Lors, que puiserons-nous dans le remugle immonde Des actualités qui encombrent le monde ? George Santos est un sensationnel vantard Nouveau champion poids lourd du cynique bobard Fringante incarnation du futur politique Qui nous vient (forcément) de New York, Amérique. Enfoncés, les Contras, l’Irangate de Ronald… Dépassée, la fable « armes massives » Bush Junior… Relégués, tous les tweets vérolés du Donald… Le boniment ricain a un nouveau cador ! Il s’appelle George Santos et il ment tellement bien Qu’on ne peut croir’ ni ce qu’il dit ni son contraire Il ment comme il respire, il ment pour tout, pour rien Sur ses parents, sur son argent, sur sa carrière… Sur sa vie sexuelle : il jure qu’il est gay Si cela lui rapporte un électeur de plus ! La vérité est morte ! Et chacun peut briguer Un mandat d’imposteur car toute honte est bue.
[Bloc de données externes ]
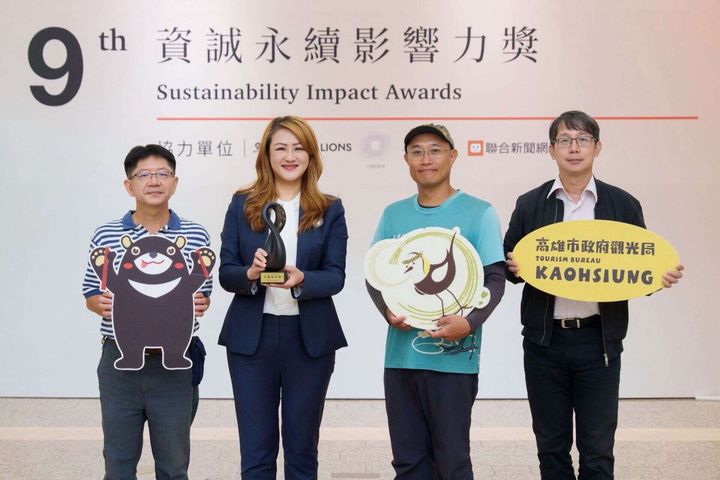 ▲觀光局長高閔琳（左二）率高雄野鳥學會美濃站陳站長柏豪（左三）共同受獎合影。　圖：高雄市政府觀光局／提供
Ce jeune homme ambitieux, politicien ultime Assure qu’il n’a fait que ce que d’autres font Falsifier son CV pour un job… Pas un crime ! Puisqu’il vous dit que l’important est qu’il soit bon.
Jour 2
Mirliton Matin vous souhaite une bonne journée et une bonne année ! L’info du jour est très intéressante, preuve en est qu’elle est puisée dans Ça m’intéresse. 1 « Tes yeux sont si profonds que j’en perds la mémoire » Ainsi parlait, à son Elsa, Louis Aragon Qui, même s’il était un stalinien notoire, Était, grâce à l’amour, rendu un peu moins con ! 2 Attention aux dangers méconnus de l’orgasme ! On désire bien sûr ce vibrant choc nerveux Qui nous secoue la fibre et l’âme et l’enthousiasme Mais nous rend amnésique avant que d’être vieux
1 Pauvre champion cycliste qui, sans ex-aequo Et peut-être non plus sans anabolisants, Avec pour seule came un peu de proseco, Passe d’une heure de gloire à un drame cuisant ! 2 C’est-il assez ballot d’échouer si près du but A trop la secouer on triomphe sans gloire Lors que notre champion aurait pu mieux boire En penchant de côté son jéroboam en rut
Jour 4
Mirliton Matin, rubrique politique française ! Parfois l’actu s’offre comme un cadeau : le discours de nouvel an d’Emmanuel Macron, pour incongru et scandaleux qu’il fût, comprenait cette question de pure rhétorique, faussement naïve… mais qui, à peine remaniée, forme un délicieux alexandrin : « Qui aurait pu prévoir la crise climatique ? » Oui, il l’a dit. Il a osé. Avec une telle matière première, rédiger le reste du poème n’était plus que formalité pour l’équipe de professionnels chevronnés de Mirliton Matin :
« Qui aurait pu prévoir la crise climatique » ? La France compatit à l’effroi de Manu. Nous qui ignorions tout ! L’instant serait critique ? L’info est stupéfiante et nous tombons des nues ! Car depuis quarante ans, seuls quelques scientifiques (Tous amish, marginaux, gauchistes malvenus) Clament que le climat atteint un seuil critique ! Les autres, les sérieux, ont toujours soutenu Que tout va pour le mieux ! La ré-ale politik Rassure les marchés, et chaque revenu De la croissance augmente les ruisseaux de fric Pour sauver la Planète et tout son contenu ! Le réveil est brutal et l’aveu, poétique. Terminée la bamboche, tas de parvenus ! Le président élu de notre République Nous prendrait-il pour une bande d’ingénus ?
Ce qui est bon pour nous ne l’est pas pour les bêtes. Nos orgies ne sont pas pour les chiens, ni nos tables. Chocolats interdits aux clebs pendant les fêtes ! Car Médor risquerait un trépas lamentable. Son maître, quant à lui : uniquement diabète, Surpoids, indigestion, plaisir un peu coupable.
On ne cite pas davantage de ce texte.